Directions for this task:
When you reach the line with "Snoopy Woodstock Driving", transcribe it and each line after it through the last one below, exactly. Pictures stay out.

Stored data:
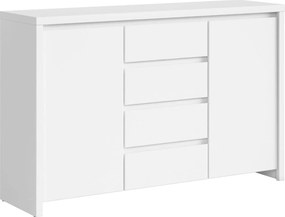 Comoda KASPIAN KOM2D4S, alb, PAL, 144x41x92 cm
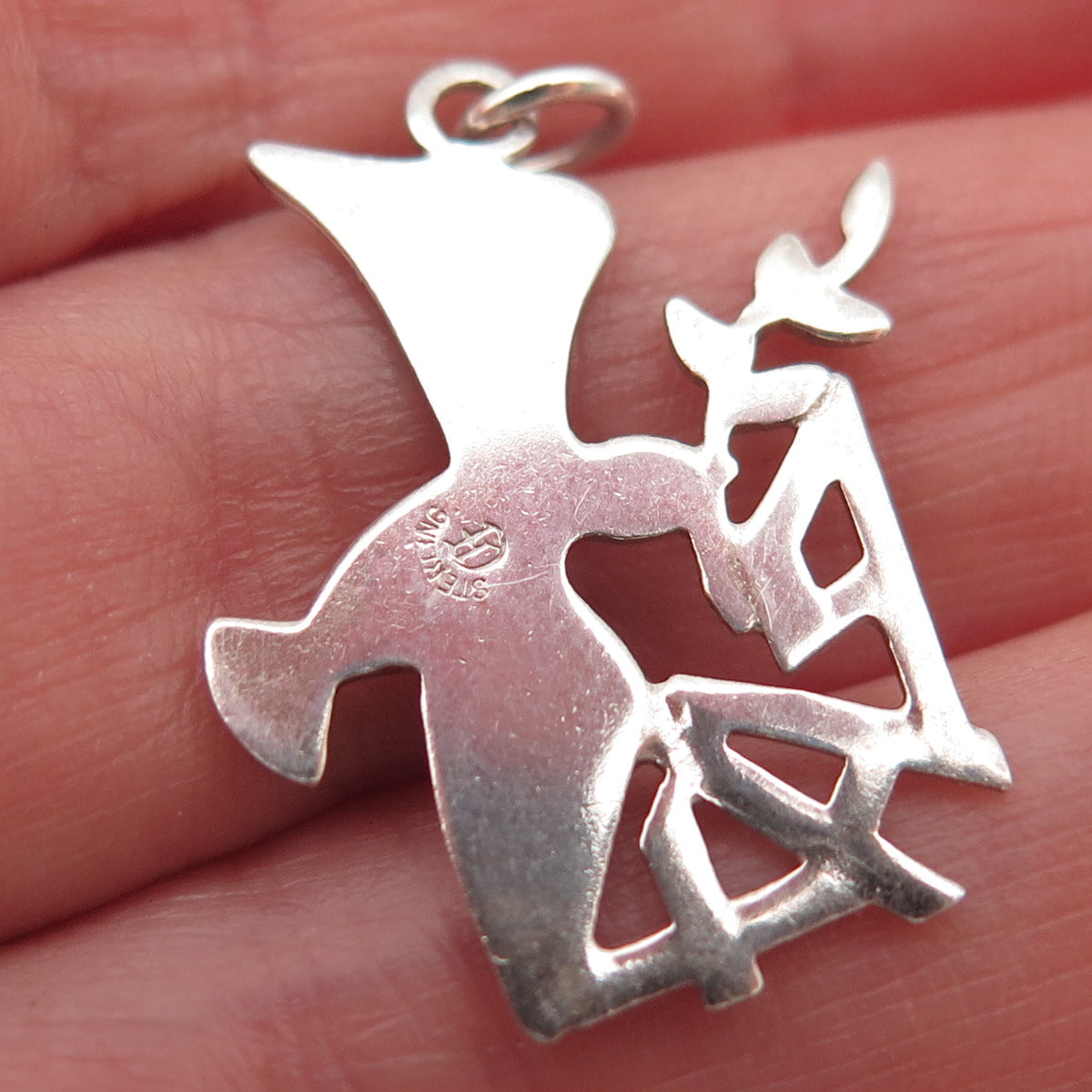 925 Sterling Silver Vintage Holy Spirit Religious Charm Pendant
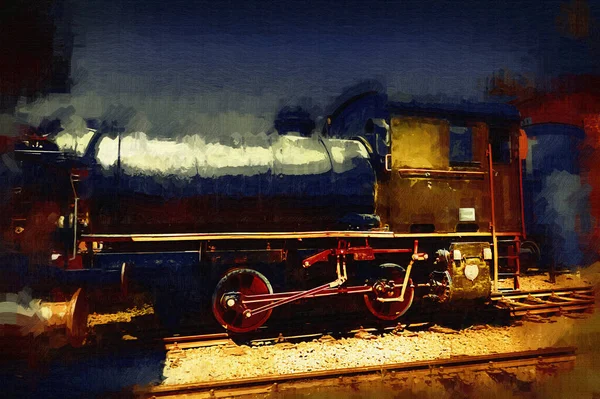 Différents Types Vieilles Locomotives Train Photographie Rouillé Wagon Art Illustration — Photo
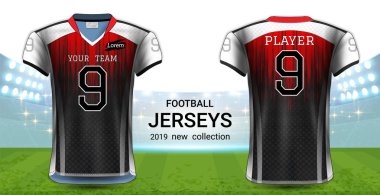 Amerikan futbolu ya da futbol formaları üniforma, gerçekçi grafik sunum Mockup şablonu, resim, metin, resim, Logo (Eps10 vektör uygulamak kolay olasılığı için önden ve arkadan görünüm Tasarla)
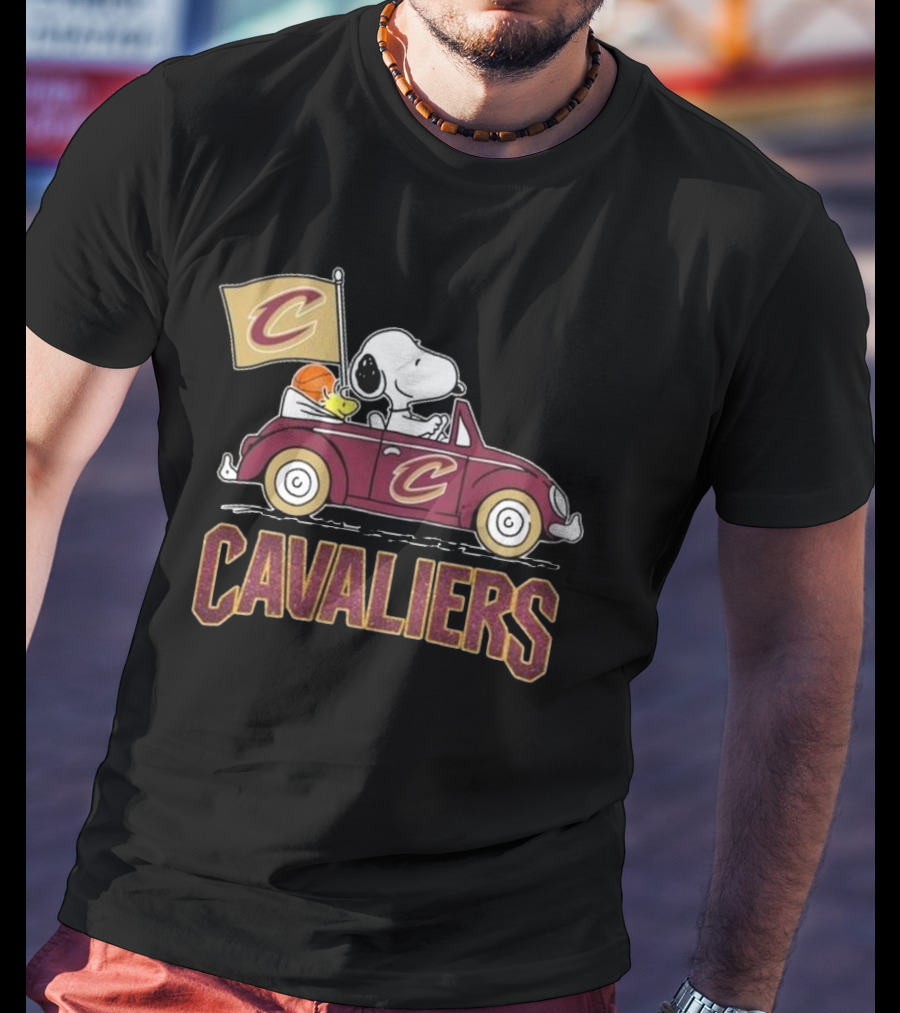 Snoopy Woodstock Driving Car Cavaliers Basketball T-Shirt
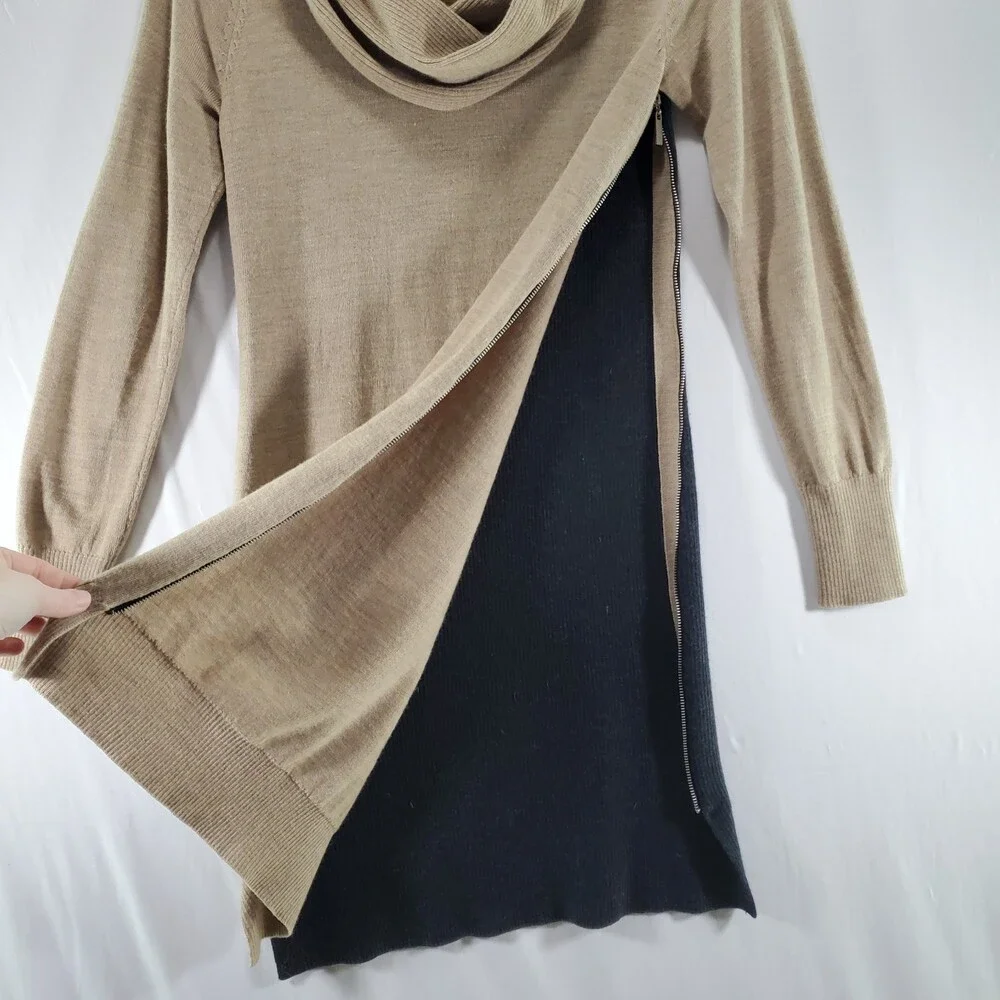 Cynthia Rowley M Extrafine Merino Wool Cowl Neck Dress Color Block Side Zip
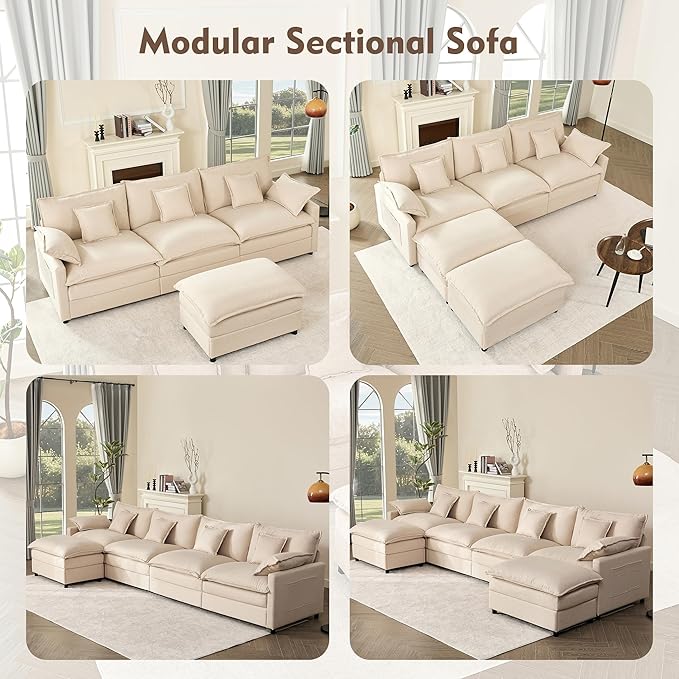 108" U Shaped Couch, Modular Sectional Sofa, 3-Seater Comfy Cloud Couch, Set of Modular Pieces with Movable Ottoman, Deep Seat Couches for Living Room, Linen, Beige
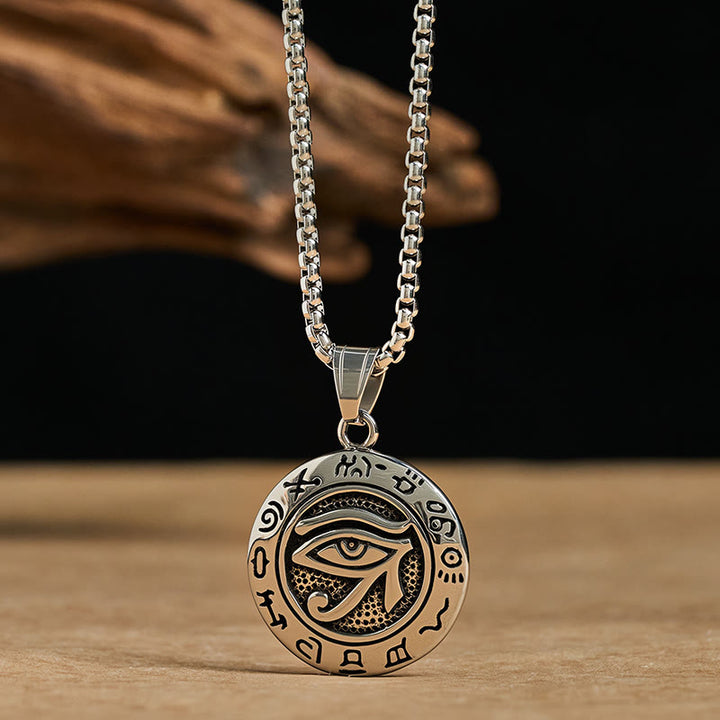 Naszyjnik z Buddha Stones ze stali tytanowej, z motywem złego oka - image 1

Problem solution:
 Snoopy Woodstock Driving Car Cavaliers Basketball T-Shirt
 Cynthia Rowley M Extrafine Merino Wool Cowl Neck Dress Color Block Side Zip
 108" U Shaped Couch, Modular Sectional Sofa, 3-Seater Comfy Cloud Couch, Set of Modular Pieces with Movable Ottoman, Deep Seat Couches for Living Room, Linen, Beige
 Naszyjnik z Buddha Stones ze stali tytanowej, z motywem złego oka - image 1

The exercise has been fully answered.